In the early days, all developers had was square waves

## Square Waves

The cheapest way to create sound is drive a louspeaker directly 
with an I/O data line of the CPU, i.e., playing square waves.


This was still the case in some popular home computers in the 1980s

![spectrum](img/spectrum.png)

### Pitched square waves

First approach: threshold a sine wave

$$
    x[n] = \begin{cases} 
        +1 & \mbox{if $\sin(\omega_0 n) \ge 0$} \\ 
        -1 & \mbox{if $\sin(\omega_0 n) \lt 0$} 
        \end{cases} 
$$ 

In [None]:
def square_wave_naive(w, N):
    return np.where(np.sin(np.arange(0, N) * w) >= 0, 1, -1)

In [None]:
w, N = .13 * np.pi, 100
plt.plot(np.sin(np.arange(0, N) * w), 'g', linewidth=3, label="sine")
stem(square_wave_naive(w, 100), label="thresholded sine")
plt.legend(loc="lower left")
plt.ylim(-1.2, 1.2);

Apparent problem: a variable _duty cycle_ over time, leading to audio artefacts. Worse at low sampling frequencies.
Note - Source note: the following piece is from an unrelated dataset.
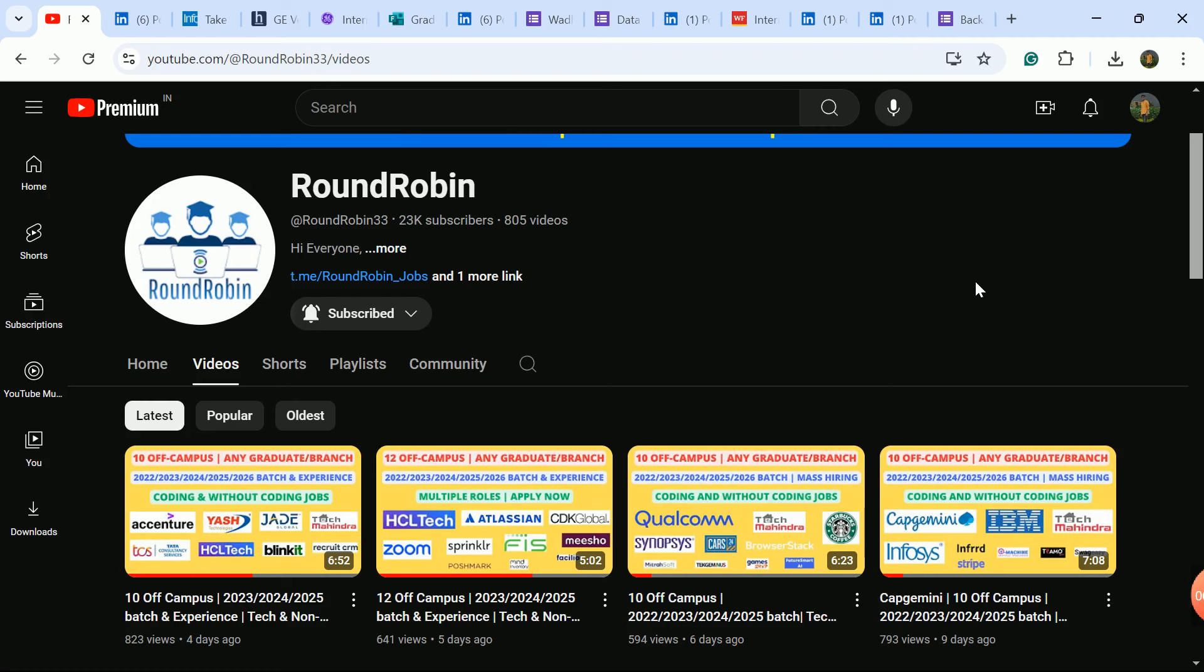I hope this helps. Please support the channel. Check recent videos for more companies. Telegram link is in the description box. Join, like, subscribe and share. Thank you guys, all the best.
This is exactly the problem highlighted by Tsividis' paradox!

Here's a "cheap" way, that avoids trigonometric functions:
 * period $p = 2\pi / \omega_0 \in \mathbb{R}$
 * approximate period $P = \mathrm{round}(p) \in \mathbb{N}$

$$ 
    x[n] = \begin{cases} 
        +1 & \mbox{if $(n \mod P) \le (P/2)$} \\ 
        -1 & \mbox{otherwise} 
        \end{cases} 
$$ 

This approximate method causes _detuning_ , worse as the frequency increases

In [None]:
def square_wave_cheap(w, N):
    p = np.round(2 * np.pi / w)
    return np.where((np.arange(0, N) % p) >= (p/2), -1, 1)

In [None]:
# we plot the correct square wave in red to show the detuning of the "cheap" version
plt.plot(np.sin(np.arange(0, N) * w), 'g', linewidth=3, label="sine")
plt.plot(square_wave_naive(w, 100), 'red', label="thresholded sine")
stem(square_wave_cheap(w, 100), label="approximate square wave")
plt.legend(loc="lower left")
plt.ylim(-1.2, 1.2);

## A blast from the past

Here's a simple synthesizer

In [None]:
def note_to_freq(note):
    # note name and octave to frequency
    C4 = 261.63
    SEMITONES = {'C': 0, 'C#': 1, 'Db': 1, 'D': 2, 'D#': 3, 'Eb': 3, 'E': 4, 'F': 5, 'F#': 6, 'Gb': 6, 
                 'G': 7, 'G#': 8, 'Ab': 8, 'A': 9, 'A#': 10, 'Bb': 10, 'B': 11}  
    try:
        s = SEMITONES[note[:-1]]
        octave = int(note[-1]) - 4        
        return C4 * (2 ** octave) * (2.0 ** (s / 12.0))
    except KeyError:
        return 0

In [None]:
def play_notes(melody, time_scale=1, rate=32000, wave_engine=square_wave_cheap):
    # melody is a tuple of pairs, each pair containing the pitch and the duration
    #  of each note; time_scale gives the base length of a note of unit duration 
    s = []
    for note in melody:
        f = 2 * np.pi * note_to_freq(note[0]) / float(rate)
        N = int(note[1] * rate * time_scale)
        s = np.concatenate((s, wave_engine(f, N) if f > 0 else np.ones(N)))
    return s

And a simple tune, using the "cheap" square wave

In [None]:
tune = (('B4', 2), ('B5', 2), ('F#5', 2), ('D#5', 2), ('B5', 1), ('F#5', 3), ('D#5', 4), 
        ('C5', 2), ('C6', 2), ('G5', 2),  ('E5', 2),  ('C6', 1), ('G5', 3),  ('E5', 4),
        ('B4', 2), ('B5', 2), ('F#5', 2), ('D#5', 2), ('B5', 1), ('F#5', 3), ('D#5', 4), 
        ('D#5', 1), ('E5', 1), ('F5', 2), ('F5', 1), ('F#5', 1), ('G5', 2), ('G5', 1), 
        ('G#5', 1), ('A5', 2), ('B5', 4))

SF = 24000
jingle = play_notes(tune, time_scale=0.06, rate=SF)
play(jingle, rate=SF)

![pacman](img/pacman.gif)

If we lower the sampling rate we can hear the detuning effect more prominently (this should sound familiar to those who played with early video games):

In [None]:
SF=8000
play(play_notes(tune, time_scale=0.06, rate=SF), rate=SF)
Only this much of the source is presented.